Me refiero en especial a mi querida editora Raquel Gisbert, a la que sólo puedo estar agradecido por su total implicación en la revisión y publicación de esta novela. También por su permanente paciencia y motivación hacia mí. Nunca sabré cómo agradecérselo. Junto a ella, quiero dar las gracias a Lola y a Olga, que fueron las primeras que apostaron por mí en Plaza y Janés.
Recuerdo con afecto a mis padres, los más fieles creyentes en mi trabajo. A mis hermanas y a toda mi familia, que se han emocionado con cada paso dado. Y a mis amigos, con los cuales compartí una gran parte del libro, que fue muchas veces discutido y la mayor parte disfrutado.
No puedo olvidarme tampoco de Juan carios, que, por entender la oportunidad que se me brindaba con este libro, ha puesto en marcha nuestro proyecto empresarial algo más solo de lo previsto.
A todos, muchas gracias.
Montségur.
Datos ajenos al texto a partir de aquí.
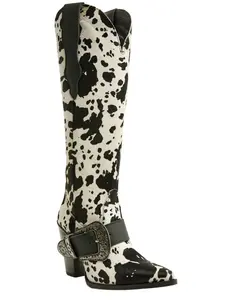Dingo Women's Women'S Spur Crazy Tall Western Boot Snip Toe - Di2385-Cow
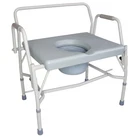 Dmi Drop Arm Portable Toilet Commode, Extra-wide Seat, 500 Pound Weight Capac... New. Price: $133.16.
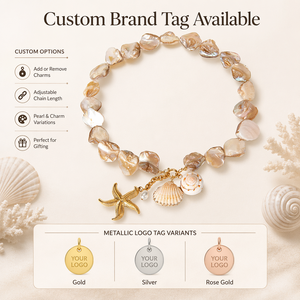 Collar de Perlas Barrocas de Moda con Colgante de Concha y Estrella de Mar, Perlas Naturales Irregulares, Joyería Estética Oceánica de Verano para Mujer - Product Image 4
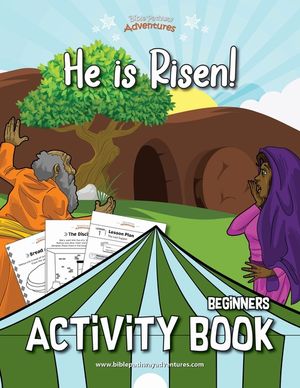 He is Risen! Activity Book image number 0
Año 1244
La aquietada y muda oscuridad de la noche invitaba a pasear entre las almenas de aquella fortaleza enclavada sobre la monumental roca de Montségur. La húmeda brisa que la recorría pendía ligera en el aire como recuerdo de la intensa lluvia del día anterior a ese lunes 14 de marzo.
Desde su torre principal, Pierre de Subignac contemplaba con infinita tristeza aquel majestuoso escenario que en pocas horas iba a ser testigo de un horrendo y pavoroso crimen. Él lo sabía. Había elegido el día. Era su única oportunidad de escapar de aquel largo asedio de las tropas del senescal cruzado Hugo de Arcis. Las últimas semanas había estado considerando todas las alternativas para evadirse de aquella situación, sopesando hasta la más remota posibilidad, pero había terminado por comprender que sólo podría conseguirlo pactando en secreto con los cruzados la entrega de la fortaleza a cambio de su perdón. Su traición iba a costar la vida a sus doscientas hermanas y hermanos, al lado de los cuales había resistido más de nueve meses de implacable asedio.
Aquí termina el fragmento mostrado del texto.